One day prior to a meeting with a client and the municipality, my project leader asked me a question about possible opportunities with regard to the zoning plan. So I called a colleague with expertise in zoning plans and asked the questions my project leader wanted me to ask. I got the information, asked for some more clarification until I understood and reported back to my project leader. “OK, but did you also ask what we do in situation X or Y?”. “I don’t know, I didn’t ask”. “I have a meeting with the client and the municipality tomorrow, I don’t want to look like a fool, we need something good!”
It occurred to me that we didn’t have the same sense of urgency because he was going to be at the meeting and I wasn’t. I imagined I was the one being at the meeting the next day and called my colleague again: we had a different conversation. When I reported back to my project leader, he was happy with the results. What I did was that I took ‘imaginary ownership’ of the situation.
When I reflected on the situation, I realized I could do this in many other situations. If I imagine myself to be the one delivering the result, giving the presentation or having that meeting, I noticed I bring my products a few steps further. If I imagine my colleague will deliver my exact product to the client or gives that exact presentation with nothing more than the information I give him, it drives me to do the best I can. Furthermore, I noticed I ask my colleagues for more clarification as to what they are using my products for. For example, one of my managers asked me to give him some information about the development of universities. It turned out he needed it for a presentation to the board in which he would explain the development of universities and the ensuing opportunities for ARCADIS. So I made a presentation as if I would be presenting to the board.
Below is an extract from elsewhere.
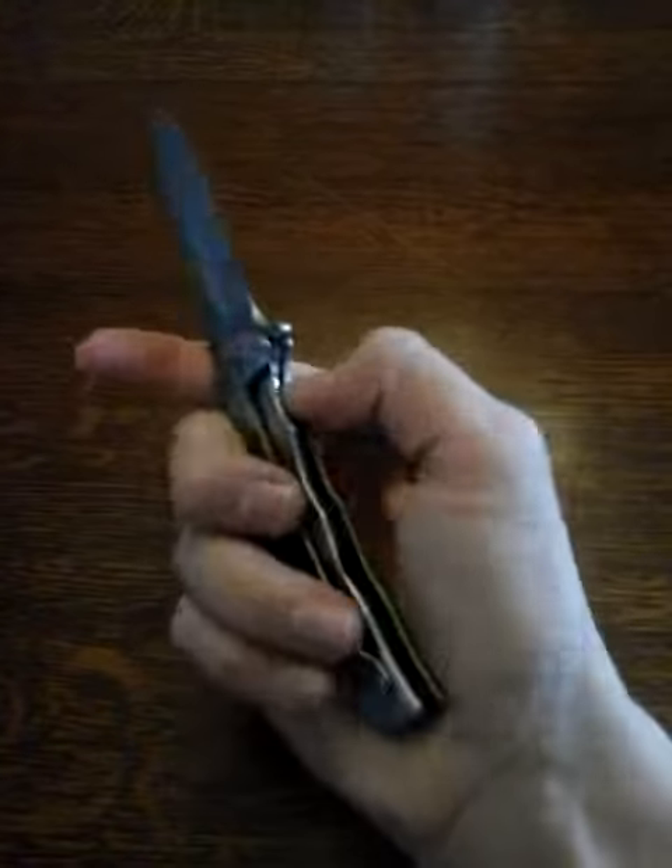This is also spring assisted, so it springs out pretty fast. I'll give you a shot of that — how it waves out of the pocket.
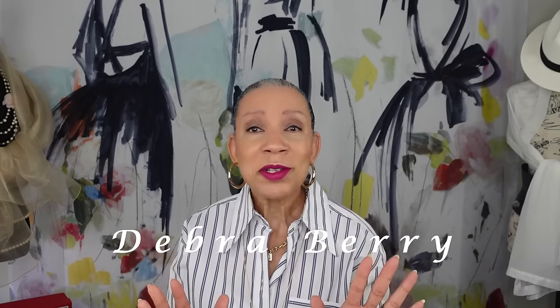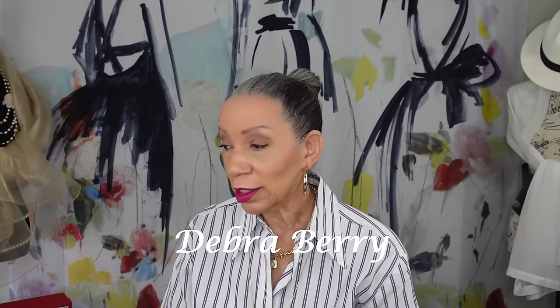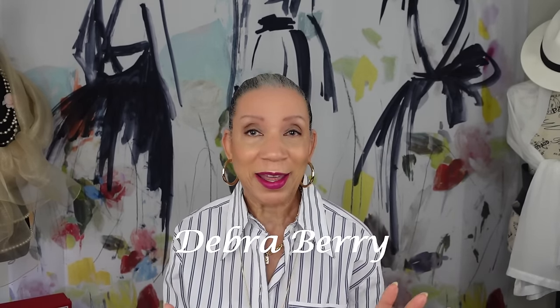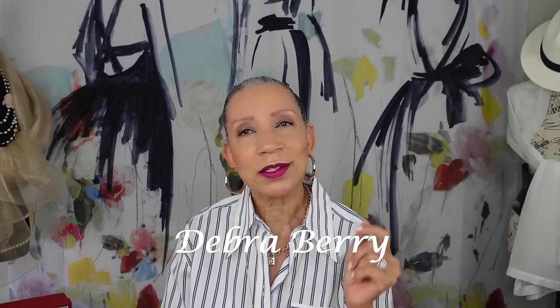Hello, hello. Welcome to the Deborah Berry channel. If this is your first time, I am Deborah Berry. This channel is about fashion and styling and doing everything we can, ladies, to hold on to our pretty. It is about getting dressed and looking our very best — always. To my returning subscribers, welcome back. You know I love you, I thank you, and I appreciate you.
I wanted to make a great presentation, so my manager wouldn’t have to change it.
Before I took ‘imaginary ownership’ of situations, I would have sent my manager some information or some slides, relying on him to change it into something he could use. More in general, I would sent products to seniors, relying on them to add or correct the product before it was sent to the client. I would sent almost finished presentations, so my senior colleague could alter it to his demand. Don’t do that. Imagine that your version of the product or presentation will be used, without any modifications, and you will notice that you can and will improve your work.
Of course the good thing of ‘imaginary ownership’ is that you deliver better products. But furthermore, you show your manager or project leader you can handle responsibility. Take responsibility for your products, even if you don’t have that responsibility. Then soon, you will be given this responsibility. Imagine, the result :).